I feel like I’m really close, I’m just getting another pesky error:
def helper(x):
return 2 * x[0] + 3 * x[1]**2
x = autograd.Variable(torch.FloatTensor([1, 2]), requires_grad=True)
total = autograd.Variable(torch.FloatTensor([0]))
for i in range(3): # number of epochs
print("iteration: " + str(i))
total += helper(x)
total.backward()
x = x - 0.1 * x.grad # a gradient step with a learning rate of 0.1
print(x.grad) # when that math in the line above is done, the gradient vanishes…
# shouldn’t I have to clear it manually?
print(x.grad[0], x.grad[1]) # never gets here
---------------------- Output --------------------
iteration: 0
None
iteration: 1
Unfortunately, on the second iteration of total.backward(), I get:
RuntimeError: element 0 of variables tuple is volatile
Again, thank you so much for your help. It’s been invaluable.
EDIT 1:
Another thing I tried is:
def helper(x):
return 2 * x[0] + 3 * x[1]**2
x = autograd.Variable(torch.FloatTensor([1, 2]), requires_grad=True)

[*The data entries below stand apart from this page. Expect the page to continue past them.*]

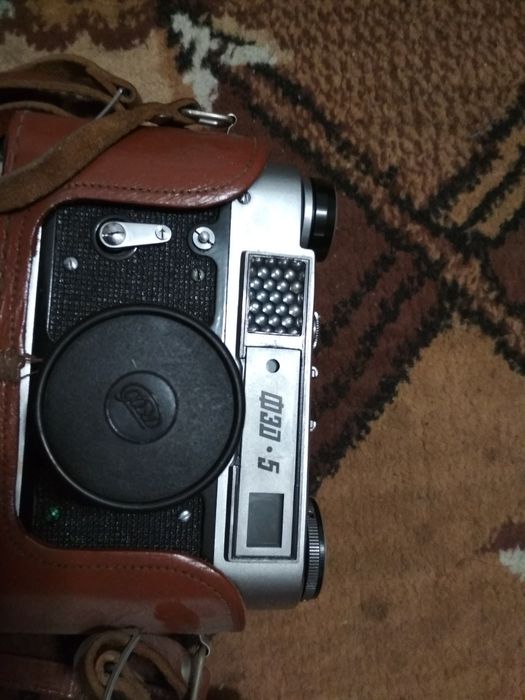 Фотоапарат Фед-5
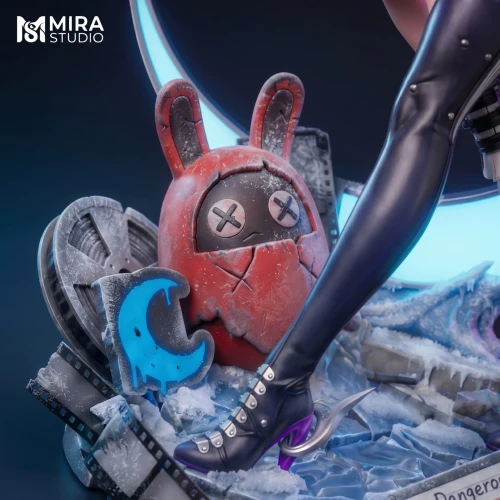 【Pre-order】MIRA Studio 1/6 Scale Promeia Resin Statue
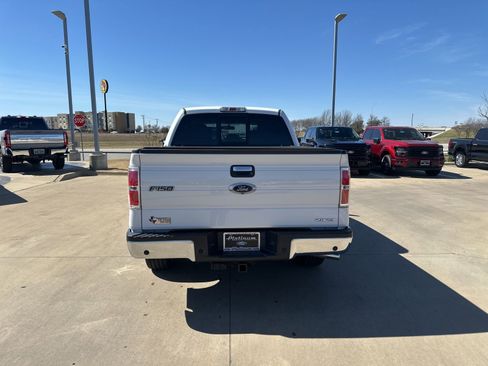 Used 2014 Ford F150 XLT w/ Equipment Group 302A Luxury image 4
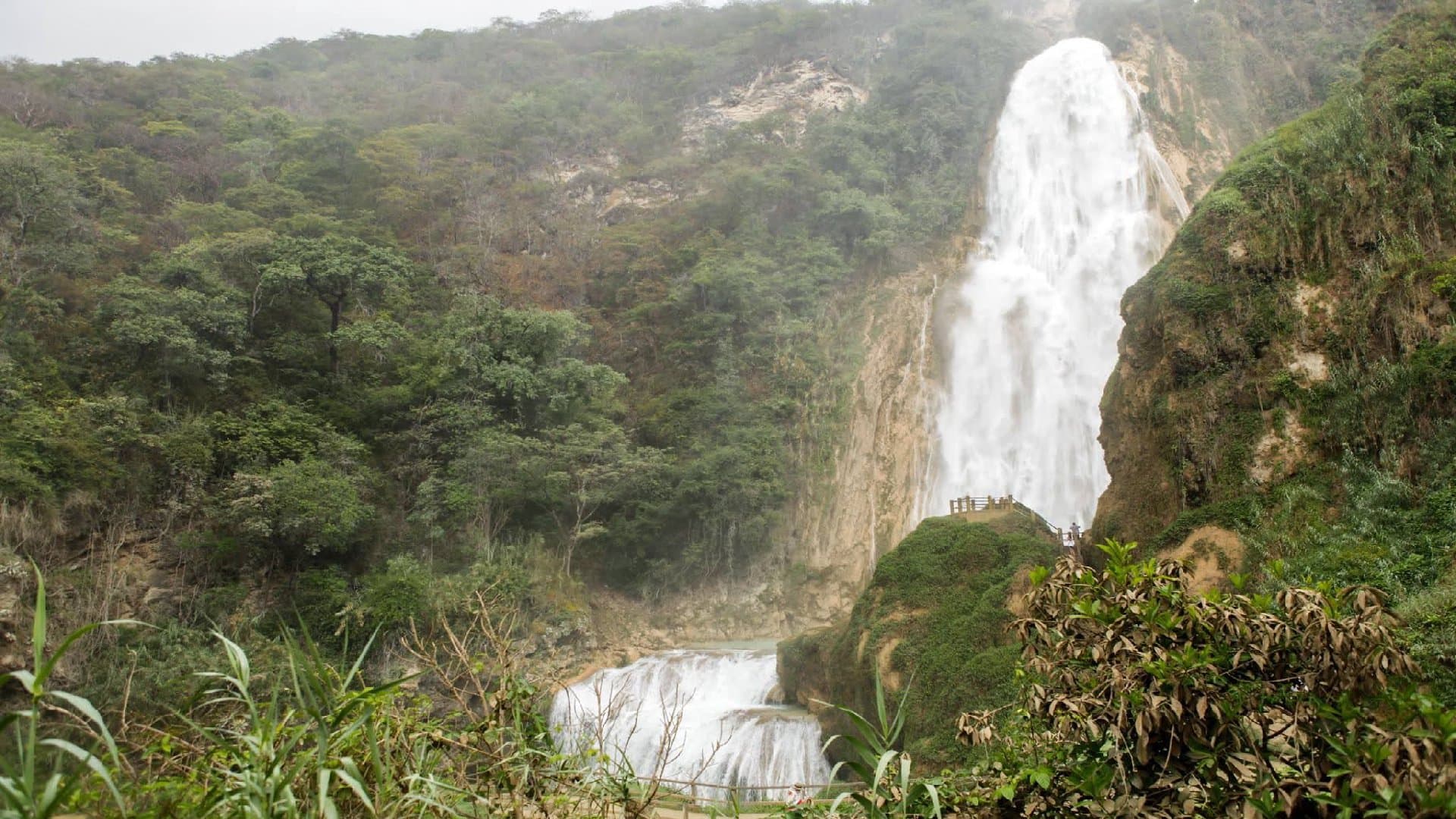 Cascada El Sabino - Image 2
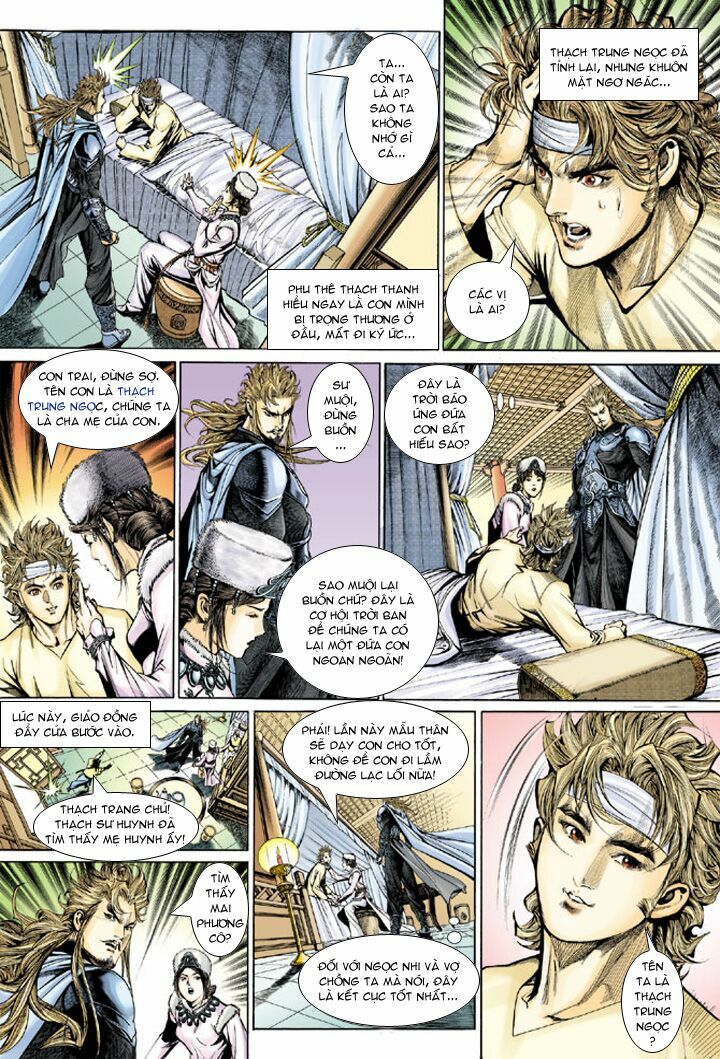 Hiệp Khách Hành: Chapter 26: Đại Kết Cục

total = autograd.Variable(torch.FloatTensor([0]))
for i in range(3): # number of epochs
print("iteration: " + str(i))
total += helper(x)
total.backward()
x = x - 0.1 * x.grad # a gradient step with a learning rate of 0.1
x.grad.data.zero_() # ADDITION: zeroing out the gradient
print(x.grad[0], x.grad[1]) # never gets here
Per this SO thread:
But it doesn’t seem like I need to, because this is the error I get when it hits x.grad.data.zero_():
AttributeError: ‘NoneType’ object has no attribute ‘data’

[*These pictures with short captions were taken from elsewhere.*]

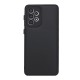 Capa Silicone Samsung Galaxy A33 5g Preto Leather Com Protetor De Câmera Capa Silicone Samsung Galaxy A33 5g Preto Leather Com Protetor De Câmera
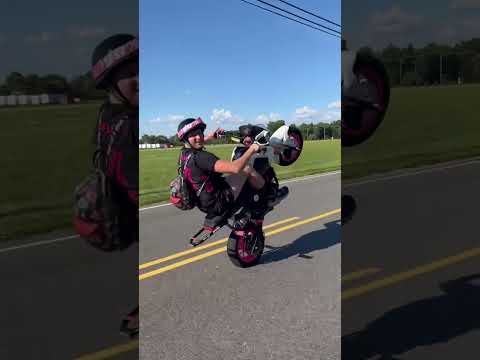 Subscribe for more GromKillaz videos #hondagrom #gromkillaz #grom125 #wheelie #grom #wheelies #groms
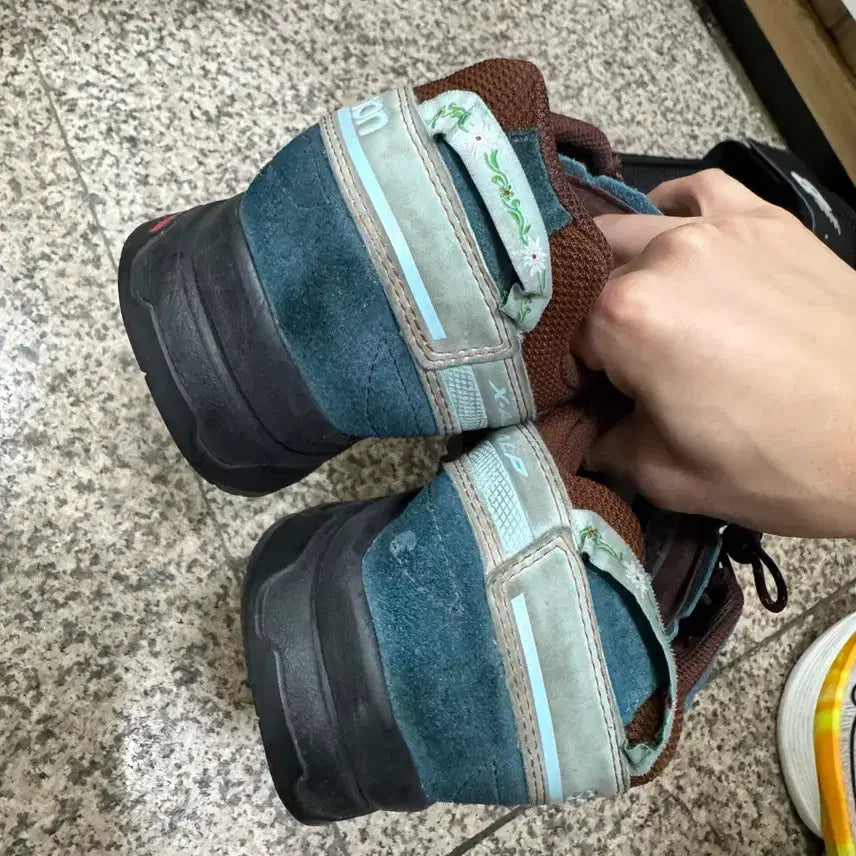 [BUNJANG] Salomon The Broken Arm X-Dezallier Gore-Tex / (280)살로몬 더브로큰암 X-디잘페 고어텍스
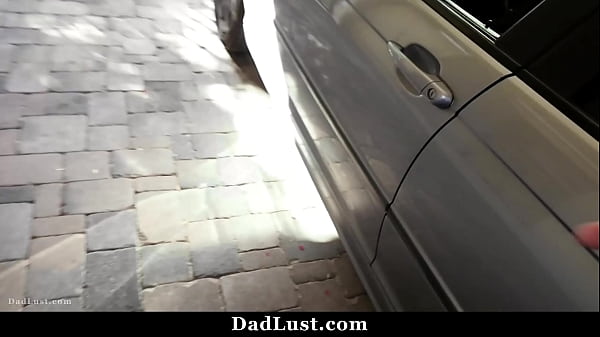 Image Stepdad Uses His Car as Leverage to Get His Stepdaughter to Suck Him Off - Dadlust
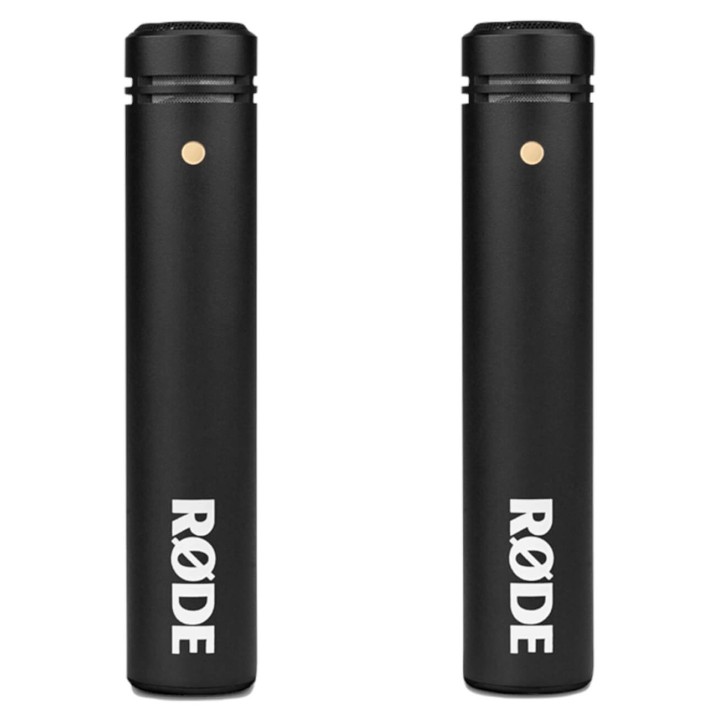 Acquista RODE M5 | COPPIA SELEZIONATA online | Merula Strumenti Musicali
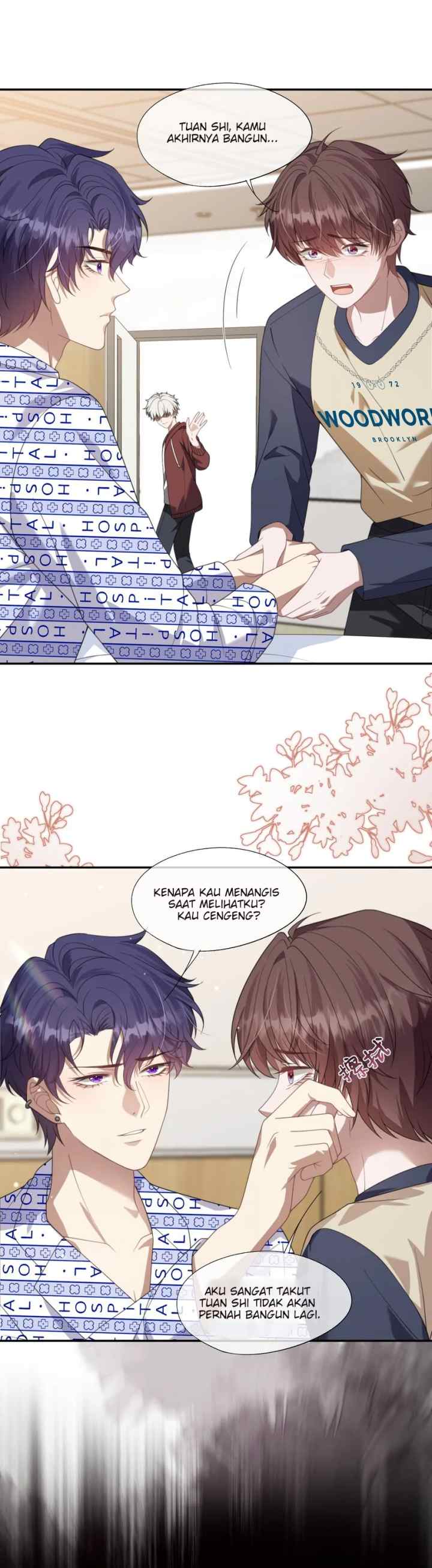 Trap a Vicious Dog chapter 15 halaman 17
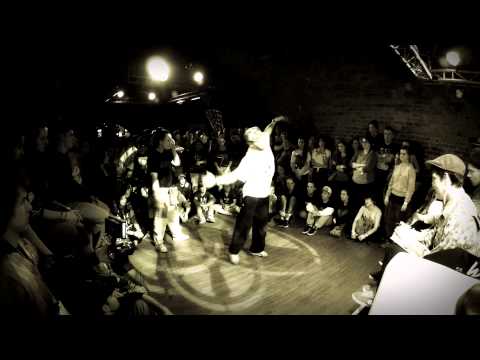 Knopek Ewulin -  JABRA STYLE SEASON Hip Hop Festival 2014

It’s already been cleared. Will continue to research.
EDIT 2:
I think I’m getting closer. I didn’t look as closely at the SO post as I should have, apparently I needed to put .data on everything (for reasons I’m not sure of):
def helper(x):
return 2 * x[0] + 3 * x[1]**2
x = autograd.Variable(torch.FloatTensor([1, 2]), requires_grad=True)

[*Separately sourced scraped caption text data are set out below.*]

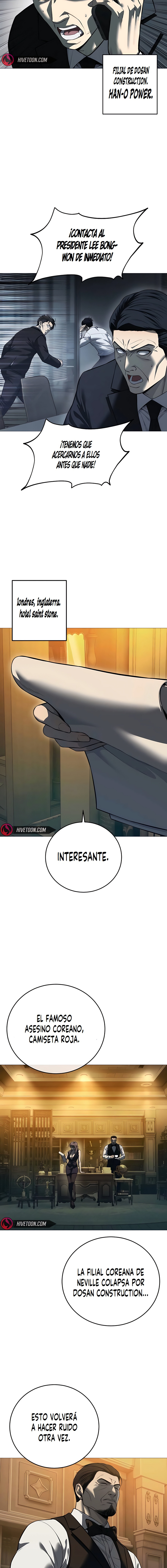 El Asesino que Quiso Amar Capítulo 10 - Page 11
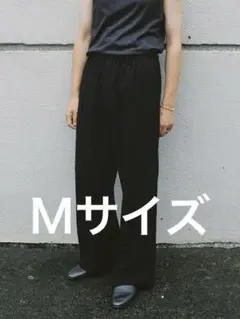 LIDNM CROCHET BLADE WOOL PNT Ｍサイズ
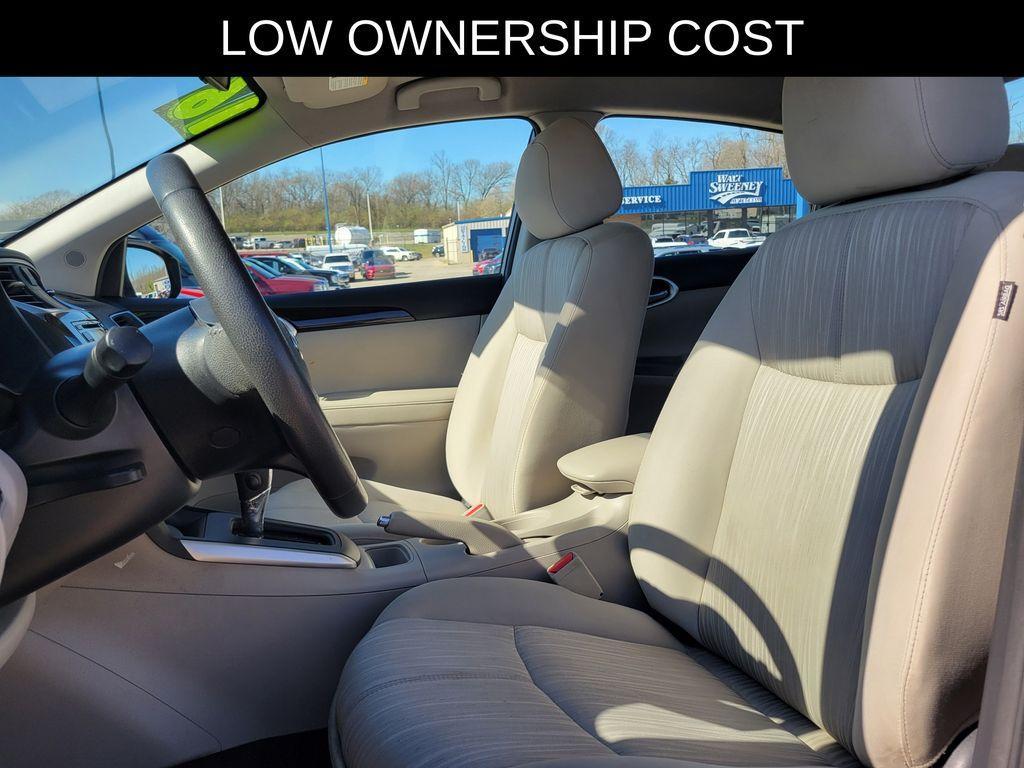 used 2016 Nissan Sentra car, priced at $8,959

total = autograd.Variable(torch.FloatTensor([0]))
for i in range(3): # number of epochs
print("iteration: " + str(i))
total += helper(x)
total.backward()
x.data = x.data - 0.1 * x.grad.data # ADDITION: added .data to everything per the SO post
x.grad.data.zero_()
print(x.grad[0], x.grad[1]) # never gets here
Now I get the error about retaining the graph:
RuntimeError: Trying to backward through the graph a second time, but the buffers have already been freed. Specify retain_graph=True when calling backward the first time.
Which makes sense, since the gradient was cleared. I’m going to try moving total into the loop.
EDIT 3:
Here is the code and the results of moving it into the for loop:
def helper(x):
return 2 * x[0] + 3 * x[1]**2
x = autograd.Variable(torch.FloatTensor([1, 2]), requires_grad=True)
for i in range(3): # number of epochs
print("iteration: " + str(i))
total = autograd.Variable(torch.FloatTensor([0]))
total += helper(x)
total.backward()
x.data = x.data - 0.1 * x.grad.data
x.grad.data.zero_()
print(x.grad[0], x.grad[1]) # never gets here
iteration: 0
iteration: 1
iteration: 2
Variable containing:
0
[torch.FloatTensor of size 1]
Variable containing:
0
[torch.FloatTensor of size 1]
Which is unexpected. I was expecting those both to be non-zero.
I see your post; I’ll test it out and reply with my results. Thanks again!